(GIVEN MATERIAL begins)
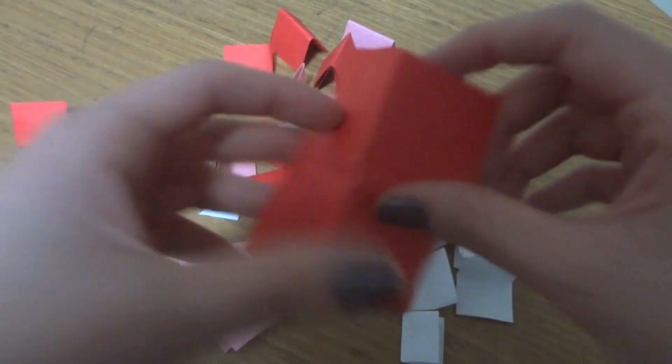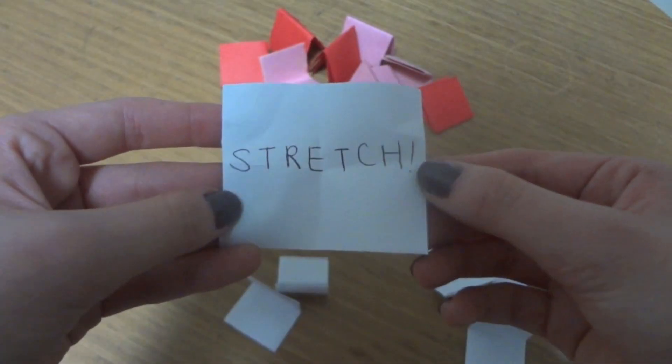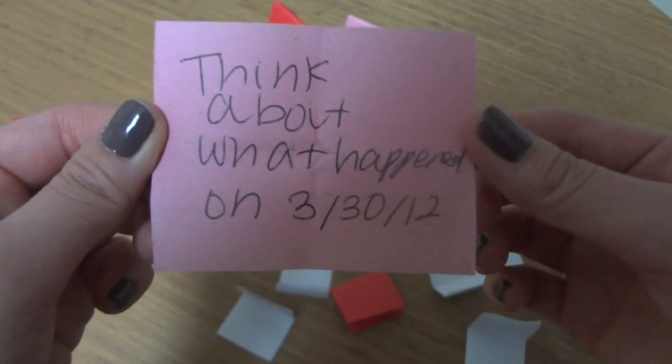What you're getting for the boredom jar is of course a jar and then just a couple of colored construction paper — or it doesn't really have to be construction paper, it could just be colored paper or white paper. Just cut those into little tiny foldable pieces and then write what activities you would do when you're bored. You just grab and take one whenever you're bored. So that's what the boredom jar is.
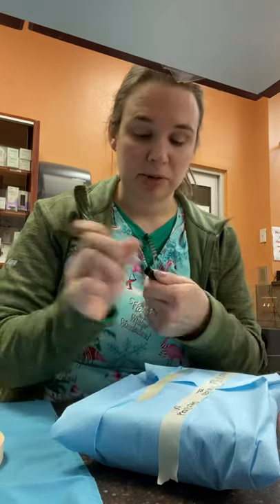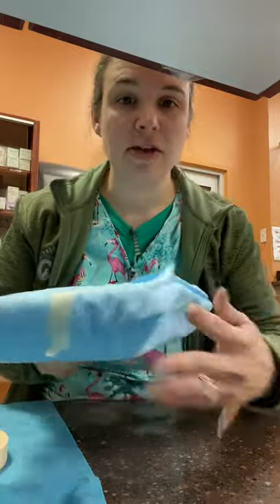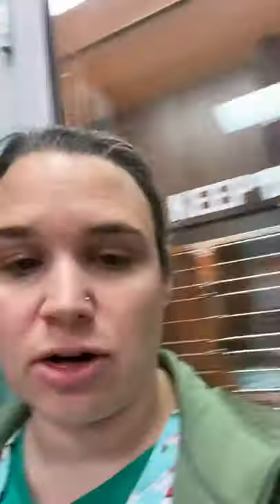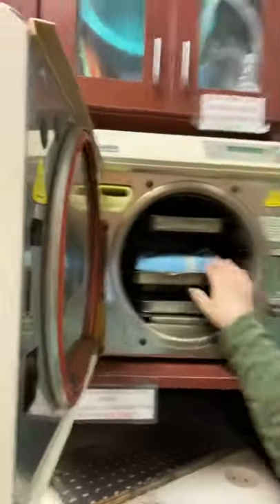That way it can be stamped with the date that it was finished sterilizing. Then, prepping for our autoclave, we take it over to the autoclave in the clinic. We make sure there is enough distilled water, which we do have by our indicator here, and then we place it in the center with nothing around it in the autoclave.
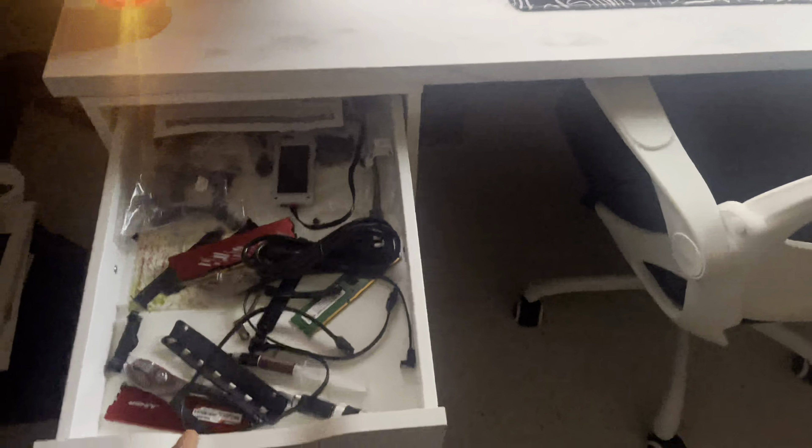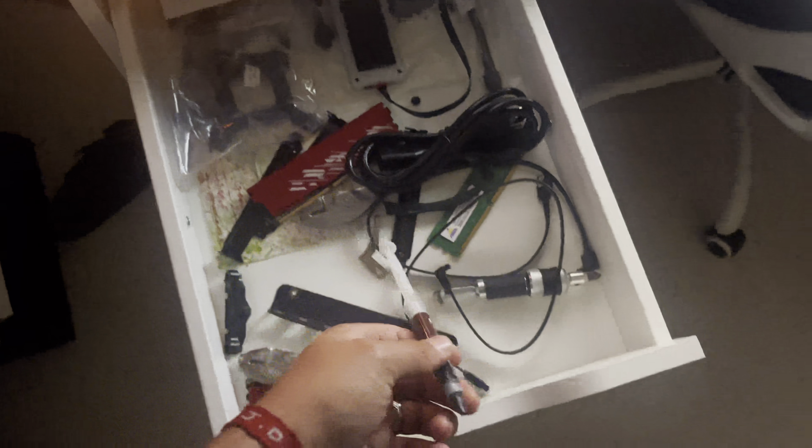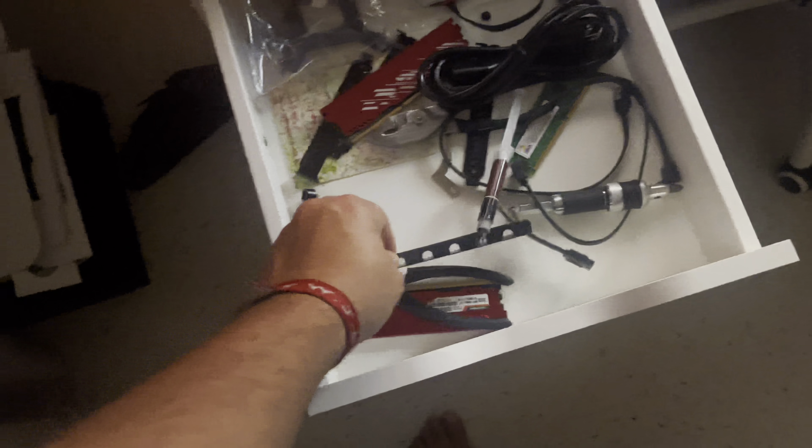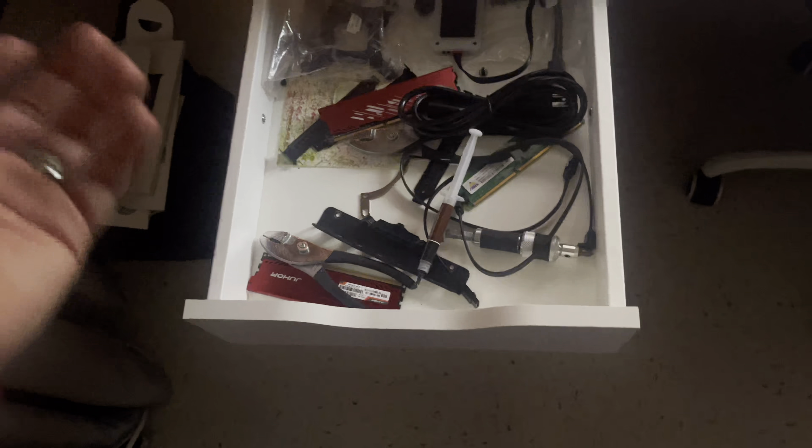The chair also matches the setup, which is pretty cool. Starting with the drawers: one has RAM, thermal paste, PC accessories, and the Ryzen bracket for AIOs. Another drawer has alcohol wipes, cables, and my mic stuff. Another one has headphones, scissors, and more Ryzen accessories.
(GIVEN MATERIAL ends)
PROBLEM DESCRIPTION → Write the lines out word for word, starting at the one with "That way it" and stopping after the last line of the material above, with pictures excluded.

THE COMPLETED TASK →
That way it can be stamped with the date that it was finished sterilizing. Then, prepping for our autoclave, we take it over to the autoclave in the clinic. We make sure there is enough distilled water, which we do have by our indicator here, and then we place it in the center with nothing around it in the autoclave.
The chair also matches the setup, which is pretty cool. Starting with the drawers: one has RAM, thermal paste, PC accessories, and the Ryzen bracket for AIOs. Another drawer has alcohol wipes, cables, and my mic stuff. Another one has headphones, scissors, and more Ryzen accessories.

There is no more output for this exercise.